Needs to be multi-threaded for speed and have a configurable number of threads (5-25)
This is what I need it to do:
Enter a list of URLs (usually between 500 and 1500)
Enter a list of anchors I want to check
Example: Example Anchor 1, Example Anchor 2, ExampleAnchor3
Program will check for a presence of any of these anchors texts
Example: <a href="/examplehref.html">Example Anchor 1</a>
If found, program will scrape "/examplehref.html"
I need to be able to specify if I want to search an exact match or broad match.
Exact match search: only "Example Anchor 1" will return true
Broad match search: "Exam", "Ancho" or "Example An" would all return true
Case SenSiTiVe or non-sensitive search too.
Output results in .csv in the following format:
"ID" ; "FOUND" ; "original url checked" ; "http://domain.com/examplehref.html" ; "Anchor"
"ID" ; "NOTFOUND" ; "orignal url checked" ; "" ; ""
"NOTFOUND" can also be an error message if the website returned in, such as "404" or "403", etc.
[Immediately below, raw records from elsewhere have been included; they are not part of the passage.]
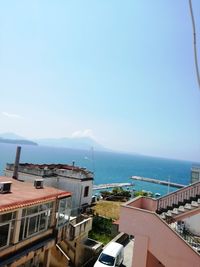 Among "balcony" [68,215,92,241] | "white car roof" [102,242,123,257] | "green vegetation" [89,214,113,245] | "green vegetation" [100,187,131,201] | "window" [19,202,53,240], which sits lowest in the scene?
"green vegetation" [89,214,113,245]

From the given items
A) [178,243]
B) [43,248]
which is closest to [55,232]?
[43,248]

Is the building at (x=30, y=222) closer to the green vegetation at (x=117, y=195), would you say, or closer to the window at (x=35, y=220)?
the window at (x=35, y=220)

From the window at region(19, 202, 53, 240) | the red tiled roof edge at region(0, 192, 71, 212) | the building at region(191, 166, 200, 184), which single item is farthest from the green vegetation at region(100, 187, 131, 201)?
the window at region(19, 202, 53, 240)

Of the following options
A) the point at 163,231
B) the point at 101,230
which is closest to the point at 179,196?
the point at 163,231

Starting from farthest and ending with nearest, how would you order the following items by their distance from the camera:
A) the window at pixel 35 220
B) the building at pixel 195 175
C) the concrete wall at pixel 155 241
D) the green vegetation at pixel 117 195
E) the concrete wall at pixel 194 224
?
the green vegetation at pixel 117 195, the building at pixel 195 175, the concrete wall at pixel 194 224, the window at pixel 35 220, the concrete wall at pixel 155 241

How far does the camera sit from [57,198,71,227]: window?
58.2ft

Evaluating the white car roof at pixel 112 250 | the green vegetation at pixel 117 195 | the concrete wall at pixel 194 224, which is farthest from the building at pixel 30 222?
the green vegetation at pixel 117 195

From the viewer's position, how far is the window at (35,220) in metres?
14.5

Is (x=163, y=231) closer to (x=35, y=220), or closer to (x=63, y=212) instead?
(x=35, y=220)

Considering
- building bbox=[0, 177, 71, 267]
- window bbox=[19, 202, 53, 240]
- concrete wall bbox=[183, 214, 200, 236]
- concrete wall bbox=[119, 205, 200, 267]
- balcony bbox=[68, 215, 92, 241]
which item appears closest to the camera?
concrete wall bbox=[119, 205, 200, 267]

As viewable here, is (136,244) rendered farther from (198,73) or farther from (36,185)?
(198,73)

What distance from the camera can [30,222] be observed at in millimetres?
15188

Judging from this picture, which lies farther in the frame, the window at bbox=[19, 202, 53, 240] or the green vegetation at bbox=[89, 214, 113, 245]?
the green vegetation at bbox=[89, 214, 113, 245]

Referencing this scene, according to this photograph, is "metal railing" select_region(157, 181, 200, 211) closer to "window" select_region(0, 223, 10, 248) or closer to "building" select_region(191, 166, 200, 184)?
"window" select_region(0, 223, 10, 248) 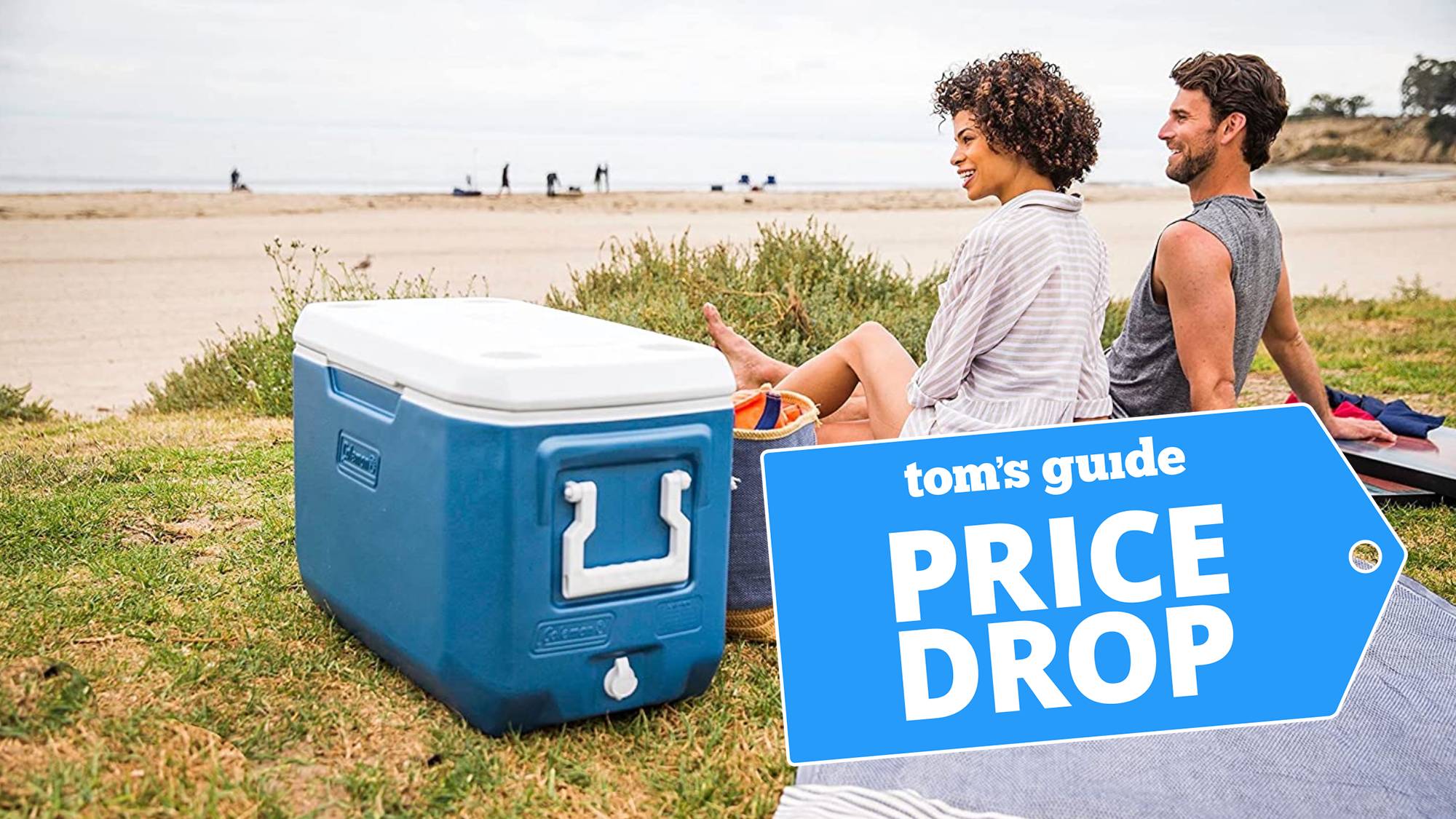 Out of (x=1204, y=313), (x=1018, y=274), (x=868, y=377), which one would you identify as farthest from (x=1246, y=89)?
(x=868, y=377)

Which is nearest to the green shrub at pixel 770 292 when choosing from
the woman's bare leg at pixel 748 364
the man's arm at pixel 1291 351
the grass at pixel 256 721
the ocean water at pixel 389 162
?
the woman's bare leg at pixel 748 364

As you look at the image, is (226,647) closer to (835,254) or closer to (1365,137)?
(835,254)

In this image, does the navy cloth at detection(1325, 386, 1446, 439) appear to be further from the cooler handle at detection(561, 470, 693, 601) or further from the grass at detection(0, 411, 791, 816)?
the cooler handle at detection(561, 470, 693, 601)

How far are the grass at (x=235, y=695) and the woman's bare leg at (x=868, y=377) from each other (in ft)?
2.71

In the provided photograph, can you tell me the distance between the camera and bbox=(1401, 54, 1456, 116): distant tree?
34.3 m

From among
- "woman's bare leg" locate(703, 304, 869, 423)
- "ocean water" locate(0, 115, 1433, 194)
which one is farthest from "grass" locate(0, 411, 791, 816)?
"ocean water" locate(0, 115, 1433, 194)

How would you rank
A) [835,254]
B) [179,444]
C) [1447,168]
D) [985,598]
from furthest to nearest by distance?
[1447,168] < [835,254] < [179,444] < [985,598]

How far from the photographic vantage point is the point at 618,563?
2609 mm

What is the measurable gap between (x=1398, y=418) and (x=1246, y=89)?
1.92m

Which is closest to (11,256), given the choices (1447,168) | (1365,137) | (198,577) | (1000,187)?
(198,577)

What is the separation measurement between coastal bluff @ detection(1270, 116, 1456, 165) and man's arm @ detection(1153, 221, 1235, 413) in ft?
134

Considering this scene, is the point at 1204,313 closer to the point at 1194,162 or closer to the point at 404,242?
the point at 1194,162

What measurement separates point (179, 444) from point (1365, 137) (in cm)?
4604

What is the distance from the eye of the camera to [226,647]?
3037 millimetres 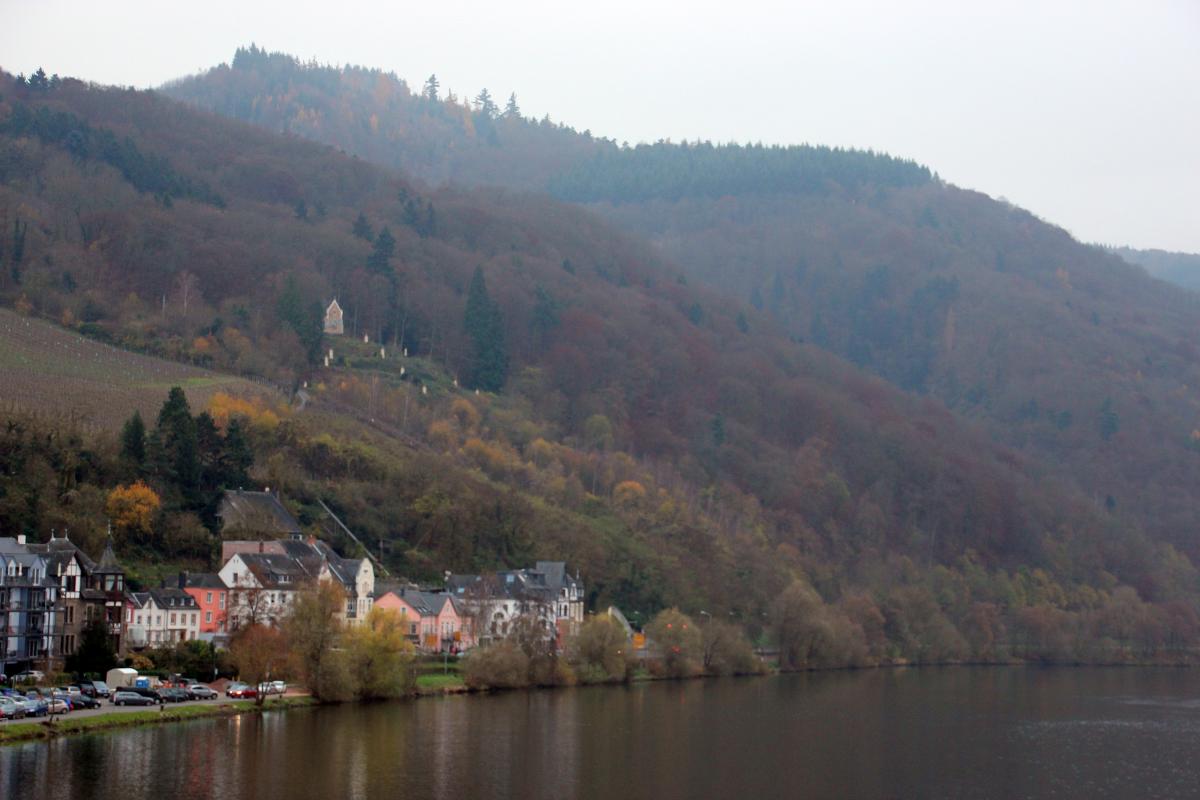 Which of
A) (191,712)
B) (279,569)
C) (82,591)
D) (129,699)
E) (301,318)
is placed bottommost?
(191,712)

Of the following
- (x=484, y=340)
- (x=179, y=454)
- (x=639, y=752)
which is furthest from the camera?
(x=484, y=340)

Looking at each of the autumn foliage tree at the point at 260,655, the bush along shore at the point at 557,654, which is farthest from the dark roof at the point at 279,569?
the autumn foliage tree at the point at 260,655

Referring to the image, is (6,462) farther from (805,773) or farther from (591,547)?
(805,773)

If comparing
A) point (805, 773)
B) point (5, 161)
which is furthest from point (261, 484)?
point (5, 161)

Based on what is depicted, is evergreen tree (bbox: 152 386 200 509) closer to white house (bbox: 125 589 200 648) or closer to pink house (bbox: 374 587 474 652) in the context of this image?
white house (bbox: 125 589 200 648)

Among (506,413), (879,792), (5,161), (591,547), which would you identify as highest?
(5,161)

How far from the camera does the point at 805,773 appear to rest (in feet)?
194

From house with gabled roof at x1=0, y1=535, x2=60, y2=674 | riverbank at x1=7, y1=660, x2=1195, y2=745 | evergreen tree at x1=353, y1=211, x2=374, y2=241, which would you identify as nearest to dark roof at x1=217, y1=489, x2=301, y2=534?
riverbank at x1=7, y1=660, x2=1195, y2=745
Program would run in two passes, second pass would check NOTFOUND and ERROR urls again so we can be sure we didn't miss any links.
There's a few additional website footprints we'd need to put in where the scrape is slightly more complicated, we can discuss that privately.
Please check [url removed, login to view] - I want it to look and behave like this, except with these added functionalities I described.